Lalu mengapa harus sastra wangi?
Ternyata sastra wangi bukan hanya sebutan untuk karya perempuan saja. Spesifiknya karya sastra perempuan yang vulgar dan erotis. Bahkan tidak sedikit yang mengatakan bahwa sastra wangi adalahi sastra selangkangan, sebagaimana dikatakan oleh sastrawan Indonesia Taufiq Ismail. Stigma negatif, bahkan dikatakan tidak layak untuk dibaca seringkali didapati.
Dan mengapa harus sastra wangi?
Saya adalah pembaca karya sastra dan karya sastra dengan sebutan sastra wangi itu ternyata karya sastra yang saya banyak baca, namun disini saya heran mengapa harus karya sastra perempuan, apa perlu saya beri tanda miring ditebalkan dalam kata “perempuan”. Ya saya sangat terganggu ketika melihat beberapa komentar bahwa sastra wangi adalah hanya karya sastra yang membahas sex, kevulgaran dan pembangkit birahi saja.

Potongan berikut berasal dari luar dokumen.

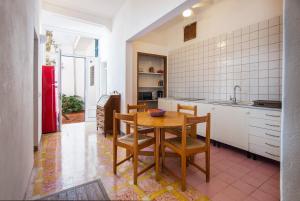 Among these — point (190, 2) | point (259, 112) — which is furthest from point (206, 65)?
point (190, 2)

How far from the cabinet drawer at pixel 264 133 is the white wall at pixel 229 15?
1616 millimetres

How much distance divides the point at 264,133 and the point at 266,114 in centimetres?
25

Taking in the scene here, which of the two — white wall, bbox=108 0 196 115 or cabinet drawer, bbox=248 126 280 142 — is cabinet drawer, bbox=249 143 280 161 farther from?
white wall, bbox=108 0 196 115

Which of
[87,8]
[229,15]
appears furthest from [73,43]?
[229,15]

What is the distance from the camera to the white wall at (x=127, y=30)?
2240mm

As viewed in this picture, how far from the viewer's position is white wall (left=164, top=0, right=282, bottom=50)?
7.78 feet

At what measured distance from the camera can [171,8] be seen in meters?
1.97

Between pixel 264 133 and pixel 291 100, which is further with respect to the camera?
pixel 264 133

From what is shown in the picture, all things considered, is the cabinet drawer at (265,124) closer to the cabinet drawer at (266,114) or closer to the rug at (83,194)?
the cabinet drawer at (266,114)

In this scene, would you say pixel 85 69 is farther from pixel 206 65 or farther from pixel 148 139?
pixel 148 139

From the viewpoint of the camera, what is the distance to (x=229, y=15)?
2857 mm

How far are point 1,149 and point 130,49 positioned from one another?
2.95m

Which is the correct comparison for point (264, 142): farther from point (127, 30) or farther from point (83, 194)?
point (127, 30)

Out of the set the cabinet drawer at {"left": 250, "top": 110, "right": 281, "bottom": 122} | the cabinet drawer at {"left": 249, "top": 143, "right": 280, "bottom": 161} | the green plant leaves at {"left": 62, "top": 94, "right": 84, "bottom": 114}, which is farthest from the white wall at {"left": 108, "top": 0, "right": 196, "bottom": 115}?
the green plant leaves at {"left": 62, "top": 94, "right": 84, "bottom": 114} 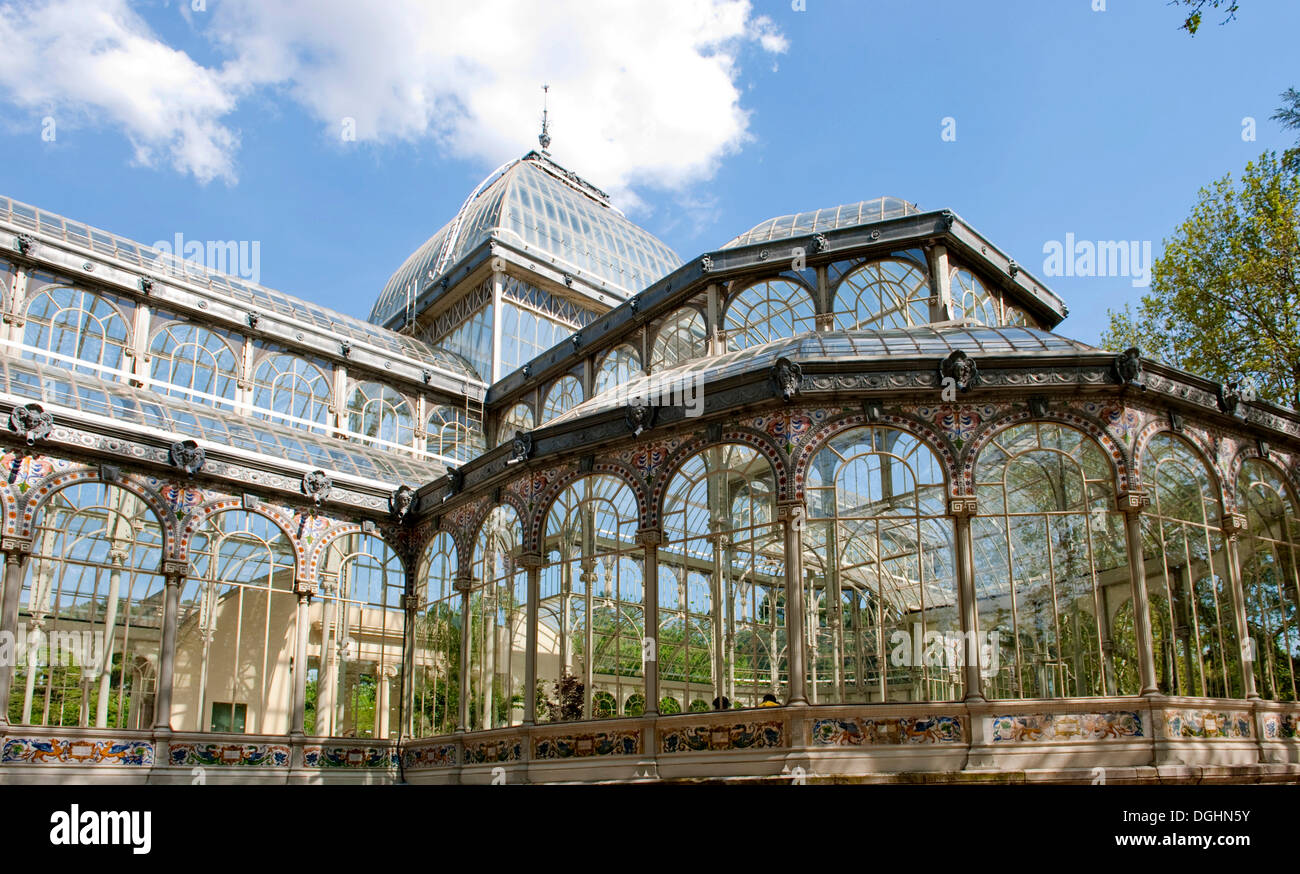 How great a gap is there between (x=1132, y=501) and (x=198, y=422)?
2086 cm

Dan saya juga pernah membaca karya sastra laki-laki yang isinya serupa contoh seperti karya Eka Kurniawan, namun apakah ada pelabelan dengan istilah lain? Hmm
Bahkan sebutan Sastra Wangi saja sudah berbau ketidakadilan gender dalam dunia sastra. Menurut saya keberanian perempuan dalam karya-karyanya itu adalah keresahan. Membahas ketabuan yang di usung perempuan adalah perlawanan terhadap apa yang terkadang sering didapati para perempuan di dunia nyata.

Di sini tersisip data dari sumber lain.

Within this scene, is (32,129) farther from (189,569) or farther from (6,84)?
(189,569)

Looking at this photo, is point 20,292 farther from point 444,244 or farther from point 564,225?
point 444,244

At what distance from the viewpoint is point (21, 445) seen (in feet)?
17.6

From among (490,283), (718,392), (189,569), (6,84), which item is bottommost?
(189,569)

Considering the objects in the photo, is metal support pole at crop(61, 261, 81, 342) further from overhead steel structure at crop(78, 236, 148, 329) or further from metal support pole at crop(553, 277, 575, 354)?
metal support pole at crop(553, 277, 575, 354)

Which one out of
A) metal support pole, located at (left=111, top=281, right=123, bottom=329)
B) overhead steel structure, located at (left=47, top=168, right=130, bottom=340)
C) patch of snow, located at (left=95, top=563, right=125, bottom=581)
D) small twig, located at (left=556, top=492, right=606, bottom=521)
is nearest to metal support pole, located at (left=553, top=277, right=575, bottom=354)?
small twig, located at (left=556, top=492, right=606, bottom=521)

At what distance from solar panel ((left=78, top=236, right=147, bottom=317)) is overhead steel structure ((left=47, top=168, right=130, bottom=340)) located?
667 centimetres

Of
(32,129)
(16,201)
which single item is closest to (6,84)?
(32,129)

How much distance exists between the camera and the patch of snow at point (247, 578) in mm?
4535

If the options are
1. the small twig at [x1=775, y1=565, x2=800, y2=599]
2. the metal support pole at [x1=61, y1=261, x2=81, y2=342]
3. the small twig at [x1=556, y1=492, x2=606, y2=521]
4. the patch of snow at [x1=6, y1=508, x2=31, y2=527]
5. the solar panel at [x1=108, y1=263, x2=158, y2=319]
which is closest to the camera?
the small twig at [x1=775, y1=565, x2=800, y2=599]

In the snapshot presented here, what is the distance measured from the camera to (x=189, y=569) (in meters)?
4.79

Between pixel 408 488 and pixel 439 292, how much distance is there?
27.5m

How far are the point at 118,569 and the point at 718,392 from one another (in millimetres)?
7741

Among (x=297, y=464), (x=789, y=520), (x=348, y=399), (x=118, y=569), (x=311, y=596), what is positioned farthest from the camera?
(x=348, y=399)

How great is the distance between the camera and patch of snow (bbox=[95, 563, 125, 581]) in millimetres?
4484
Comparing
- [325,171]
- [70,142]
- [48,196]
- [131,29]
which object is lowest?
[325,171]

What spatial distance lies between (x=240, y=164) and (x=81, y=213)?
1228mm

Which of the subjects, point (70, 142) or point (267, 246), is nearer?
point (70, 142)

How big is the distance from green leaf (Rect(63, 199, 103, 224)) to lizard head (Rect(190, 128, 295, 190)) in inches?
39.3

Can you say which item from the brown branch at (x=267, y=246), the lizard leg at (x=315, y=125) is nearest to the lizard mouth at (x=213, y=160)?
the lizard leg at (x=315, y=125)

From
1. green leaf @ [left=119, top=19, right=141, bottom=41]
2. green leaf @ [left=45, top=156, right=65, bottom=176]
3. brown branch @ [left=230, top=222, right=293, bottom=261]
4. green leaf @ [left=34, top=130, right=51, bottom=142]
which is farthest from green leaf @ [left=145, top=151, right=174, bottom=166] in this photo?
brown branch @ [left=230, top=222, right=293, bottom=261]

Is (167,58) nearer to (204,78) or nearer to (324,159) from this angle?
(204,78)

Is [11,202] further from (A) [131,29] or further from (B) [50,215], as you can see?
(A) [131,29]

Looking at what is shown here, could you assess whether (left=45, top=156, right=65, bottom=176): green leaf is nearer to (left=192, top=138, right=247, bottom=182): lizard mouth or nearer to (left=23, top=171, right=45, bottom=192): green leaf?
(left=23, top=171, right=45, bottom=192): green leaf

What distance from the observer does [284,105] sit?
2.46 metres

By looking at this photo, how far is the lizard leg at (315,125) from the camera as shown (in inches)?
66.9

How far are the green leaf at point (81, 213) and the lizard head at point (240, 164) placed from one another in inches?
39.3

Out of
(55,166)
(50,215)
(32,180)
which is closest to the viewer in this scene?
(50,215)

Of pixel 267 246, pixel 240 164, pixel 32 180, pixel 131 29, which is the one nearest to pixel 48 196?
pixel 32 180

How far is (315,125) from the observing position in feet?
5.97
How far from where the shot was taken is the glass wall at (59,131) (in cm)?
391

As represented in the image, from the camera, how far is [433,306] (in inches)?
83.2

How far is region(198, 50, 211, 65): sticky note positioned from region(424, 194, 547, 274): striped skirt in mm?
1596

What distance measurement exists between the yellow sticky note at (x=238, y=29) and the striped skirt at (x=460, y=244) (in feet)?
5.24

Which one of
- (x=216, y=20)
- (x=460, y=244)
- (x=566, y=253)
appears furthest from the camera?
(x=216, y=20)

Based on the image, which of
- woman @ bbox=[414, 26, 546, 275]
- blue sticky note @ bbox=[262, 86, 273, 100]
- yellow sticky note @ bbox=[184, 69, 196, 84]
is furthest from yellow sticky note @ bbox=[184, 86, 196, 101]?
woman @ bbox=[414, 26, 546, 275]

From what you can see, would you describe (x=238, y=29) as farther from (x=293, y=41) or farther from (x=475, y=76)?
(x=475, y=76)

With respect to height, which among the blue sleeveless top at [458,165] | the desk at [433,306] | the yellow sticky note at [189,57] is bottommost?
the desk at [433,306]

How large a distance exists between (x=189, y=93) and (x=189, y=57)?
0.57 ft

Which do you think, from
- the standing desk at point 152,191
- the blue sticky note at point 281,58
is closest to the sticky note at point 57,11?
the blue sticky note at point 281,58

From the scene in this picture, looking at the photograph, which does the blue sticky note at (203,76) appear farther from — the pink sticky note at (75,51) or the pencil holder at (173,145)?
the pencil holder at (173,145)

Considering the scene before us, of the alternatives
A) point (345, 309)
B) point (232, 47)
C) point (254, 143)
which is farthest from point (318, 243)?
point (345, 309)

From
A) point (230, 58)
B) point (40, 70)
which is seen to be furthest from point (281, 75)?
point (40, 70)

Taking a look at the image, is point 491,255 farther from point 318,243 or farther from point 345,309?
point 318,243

Mengapa harus sastra wangi?
Lagi-lagi saya bertanya, apakah karya perempuan dan laki-laki dalam dunia sastra sendiri tidak bisa disamaratakan. Menurut saya perempuan atau laki-laki mempunyai tempat yang sama di ranah manapun. Apalagi dalam menciptakan sebuah karya.
Dan sejauh saya membaca karya sastra yang dilabeli sastra wangi, tidak ada sama sekali niatan penulis untuk menulis konten porno di dalamnya. Saya menemukan banyak hal malah, banyak sisi kemanusiaan yang bisa saya dapat, banyak pengalaman manusia-manusia yang bisa saya rasakan jadi stop Cuma melihat dari segi erotisnya saja.

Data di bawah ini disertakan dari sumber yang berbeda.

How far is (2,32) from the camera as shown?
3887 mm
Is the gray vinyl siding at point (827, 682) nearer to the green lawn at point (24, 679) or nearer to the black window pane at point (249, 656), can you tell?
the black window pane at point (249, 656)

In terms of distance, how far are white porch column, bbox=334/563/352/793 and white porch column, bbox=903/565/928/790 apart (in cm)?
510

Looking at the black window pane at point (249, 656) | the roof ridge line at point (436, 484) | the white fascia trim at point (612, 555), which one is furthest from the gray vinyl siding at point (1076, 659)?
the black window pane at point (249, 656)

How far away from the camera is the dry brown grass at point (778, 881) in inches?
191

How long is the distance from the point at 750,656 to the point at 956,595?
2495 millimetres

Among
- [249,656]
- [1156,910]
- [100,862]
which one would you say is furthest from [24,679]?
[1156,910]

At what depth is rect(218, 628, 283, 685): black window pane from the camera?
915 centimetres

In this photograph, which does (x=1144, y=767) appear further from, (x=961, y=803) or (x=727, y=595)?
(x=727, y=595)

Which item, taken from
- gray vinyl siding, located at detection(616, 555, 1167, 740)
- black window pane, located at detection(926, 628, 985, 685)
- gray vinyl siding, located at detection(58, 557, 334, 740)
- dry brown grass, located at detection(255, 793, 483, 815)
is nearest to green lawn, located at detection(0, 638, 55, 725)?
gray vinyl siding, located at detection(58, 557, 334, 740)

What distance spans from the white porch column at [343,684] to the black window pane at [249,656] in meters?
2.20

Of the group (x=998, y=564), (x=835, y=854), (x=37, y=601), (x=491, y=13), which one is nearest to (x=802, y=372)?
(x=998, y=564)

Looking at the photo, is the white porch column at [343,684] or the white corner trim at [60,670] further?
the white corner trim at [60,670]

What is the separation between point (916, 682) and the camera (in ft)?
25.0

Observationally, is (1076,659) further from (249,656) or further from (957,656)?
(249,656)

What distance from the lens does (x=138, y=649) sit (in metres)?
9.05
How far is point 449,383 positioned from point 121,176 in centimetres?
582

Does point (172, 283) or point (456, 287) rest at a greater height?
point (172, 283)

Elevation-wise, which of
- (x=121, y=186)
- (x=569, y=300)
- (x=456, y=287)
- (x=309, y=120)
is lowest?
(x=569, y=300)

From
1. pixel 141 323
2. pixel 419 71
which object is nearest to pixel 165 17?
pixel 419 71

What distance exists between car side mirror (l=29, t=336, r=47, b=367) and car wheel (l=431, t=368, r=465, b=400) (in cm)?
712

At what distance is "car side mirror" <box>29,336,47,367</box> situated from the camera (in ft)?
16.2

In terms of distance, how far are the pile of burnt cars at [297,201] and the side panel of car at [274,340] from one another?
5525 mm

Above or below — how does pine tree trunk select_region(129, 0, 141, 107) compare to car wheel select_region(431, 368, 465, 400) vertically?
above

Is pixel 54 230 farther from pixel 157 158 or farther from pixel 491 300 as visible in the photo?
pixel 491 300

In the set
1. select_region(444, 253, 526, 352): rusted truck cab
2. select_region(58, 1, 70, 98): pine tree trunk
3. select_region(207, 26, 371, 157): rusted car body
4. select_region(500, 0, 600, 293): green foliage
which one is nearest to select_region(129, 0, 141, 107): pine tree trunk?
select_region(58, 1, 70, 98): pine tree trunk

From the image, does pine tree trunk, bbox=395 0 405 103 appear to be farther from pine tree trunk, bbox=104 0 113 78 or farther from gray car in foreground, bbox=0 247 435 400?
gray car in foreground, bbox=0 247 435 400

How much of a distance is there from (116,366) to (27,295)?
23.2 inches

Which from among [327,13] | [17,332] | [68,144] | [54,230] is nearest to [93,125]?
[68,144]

Di berbagai aspek perempuan seringkali dilihat hanya sebagai objek. Sastra wangi adalah buah dimana ketika masyarakat kita melihat karya perempuan yang terlihat hanya kata “perempuan”-nya saja tidak terlihat kata “karya”-nya.
Seringkali existensi perempuan diremehkan dan dipertanyakan, jika saja konstruksi pemikiran kita tidak terdoktrin oleh budaya patriarki saya yakin perempuan berkarya bukan hal yang aneh, perempuan memimpin bukan sesuatu yang tidak biasa. perempuan menciptakan sebuah karya sastra yang membahas hal-hal tabu dan kevulgaran tidak akan ada kata sastra wangi.